Among the entries below, which lines run from the line with "Giraffe Tools garden" through the line with "Platinum 9x 9"? Retype those, both ends included, exactly and without pictures.

■ DATA FOR ANALYSIS ■

--- --- ---

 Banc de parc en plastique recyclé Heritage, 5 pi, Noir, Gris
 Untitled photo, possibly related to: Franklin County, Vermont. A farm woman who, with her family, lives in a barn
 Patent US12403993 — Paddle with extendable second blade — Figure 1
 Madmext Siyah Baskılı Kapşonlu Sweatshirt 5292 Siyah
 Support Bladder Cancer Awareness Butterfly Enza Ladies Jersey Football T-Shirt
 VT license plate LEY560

--- --- ---

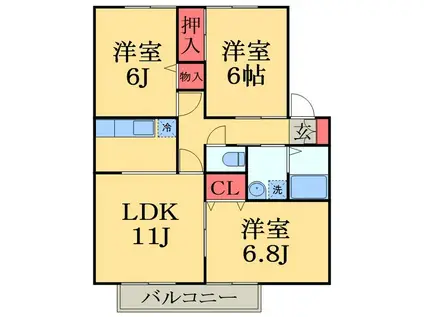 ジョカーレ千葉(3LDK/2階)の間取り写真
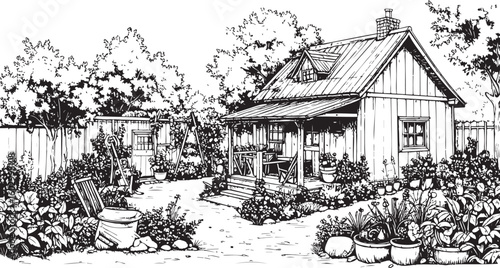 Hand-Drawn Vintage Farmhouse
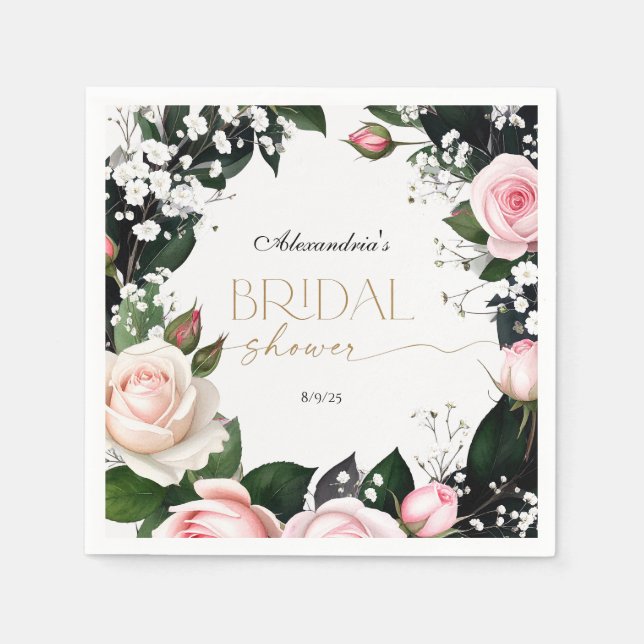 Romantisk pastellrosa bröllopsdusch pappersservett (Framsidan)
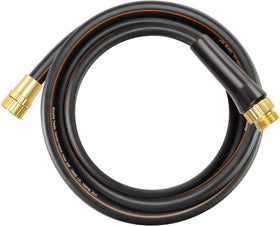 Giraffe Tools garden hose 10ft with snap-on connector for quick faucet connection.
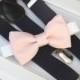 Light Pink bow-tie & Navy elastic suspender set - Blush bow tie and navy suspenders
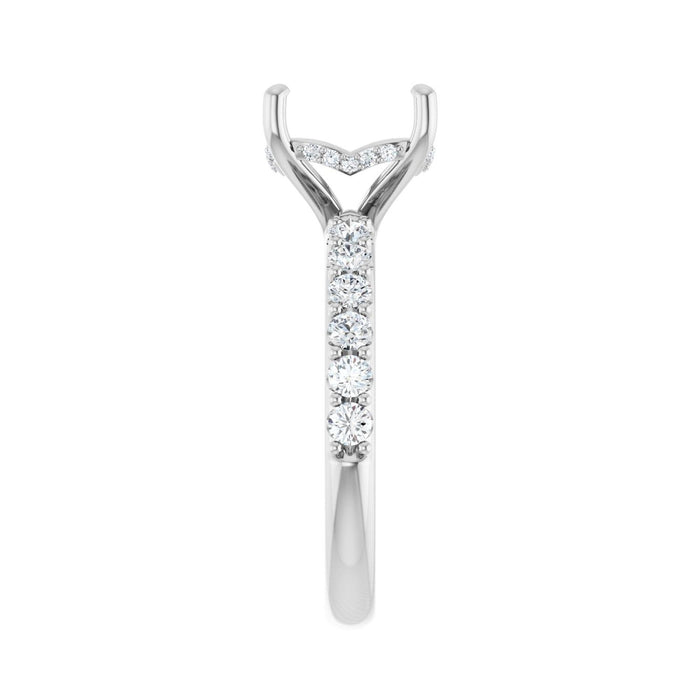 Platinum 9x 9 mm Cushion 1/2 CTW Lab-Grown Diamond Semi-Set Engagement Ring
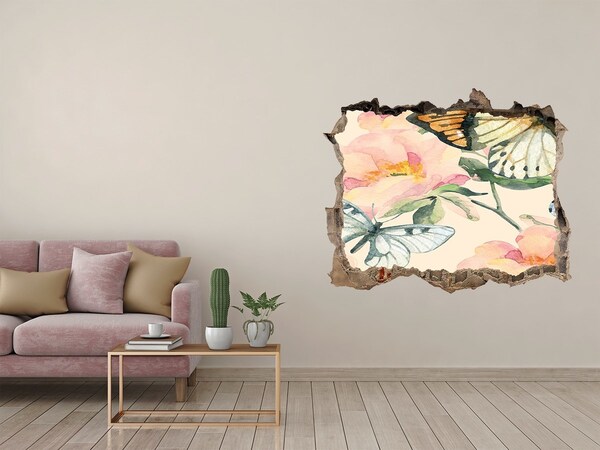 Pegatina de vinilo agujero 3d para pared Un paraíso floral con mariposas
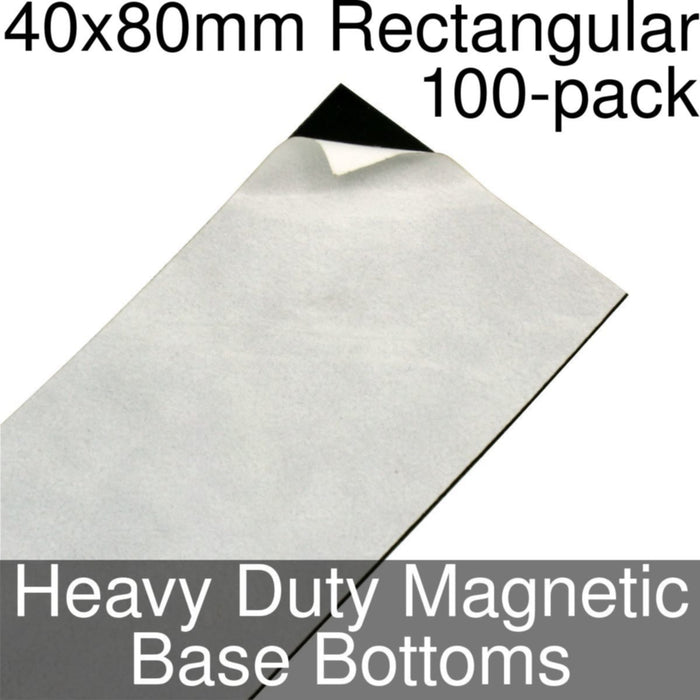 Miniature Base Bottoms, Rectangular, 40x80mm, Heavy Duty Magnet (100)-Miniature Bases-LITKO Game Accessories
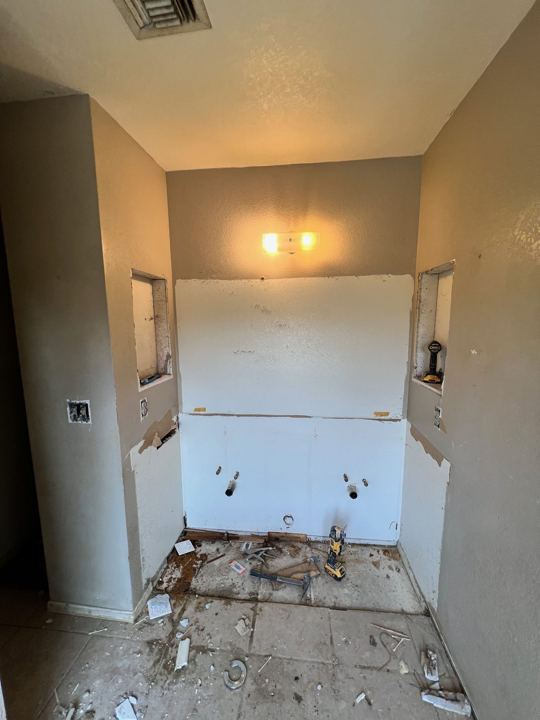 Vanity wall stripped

--- --- ---

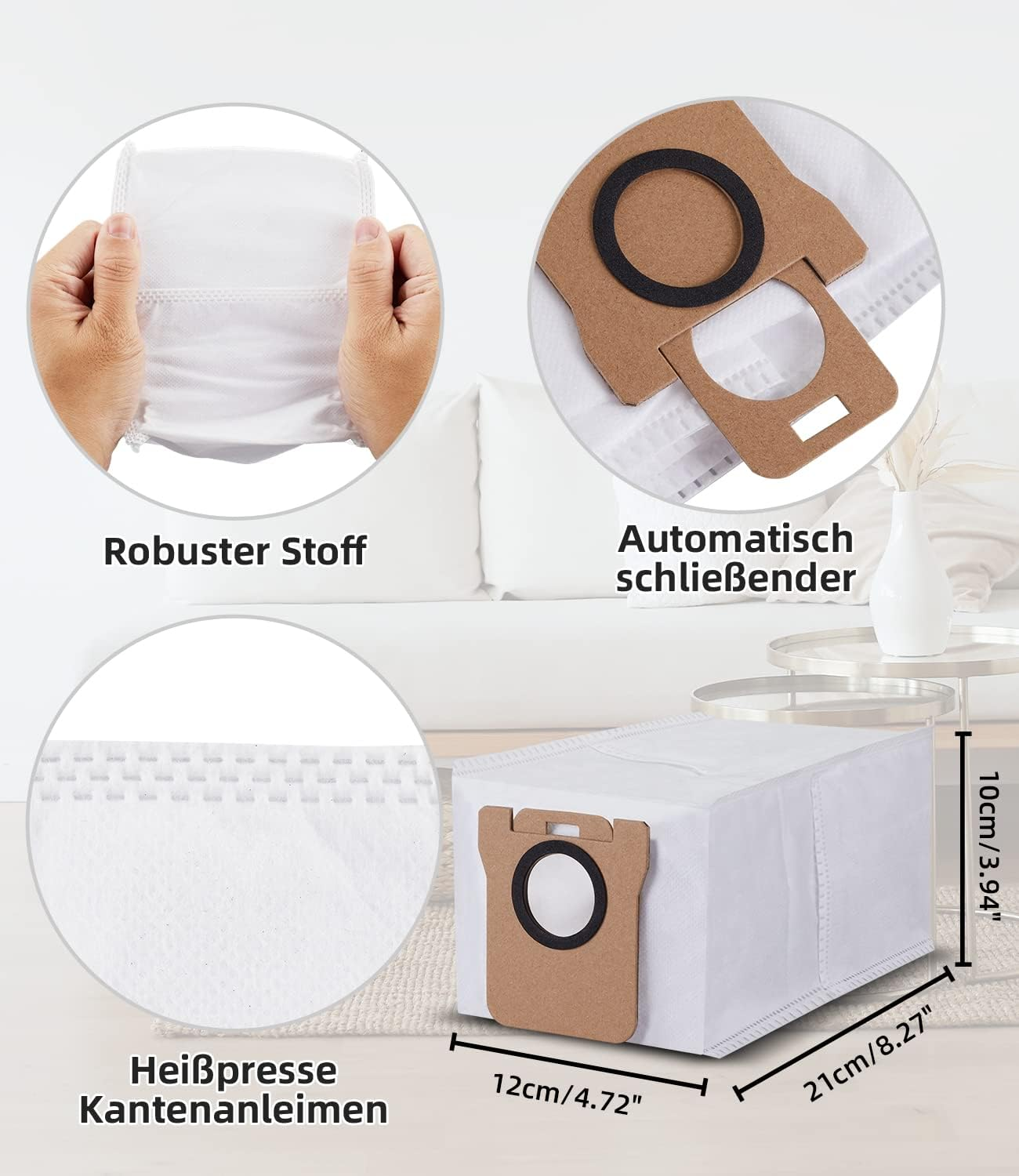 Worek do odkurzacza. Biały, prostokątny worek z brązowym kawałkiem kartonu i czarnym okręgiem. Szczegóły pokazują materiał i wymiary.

--- --- ---

■ FINISHED TASK ■
 Giraffe Tools garden hose 10ft with snap-on connector for quick faucet connection.
 Light Pink bow-tie & Navy elastic suspender set - Blush bow tie and navy suspenders
 Platinum 9x 9 mm Cushion 1/2 CTW Lab-Grown Diamond Semi-Set Engagement Ring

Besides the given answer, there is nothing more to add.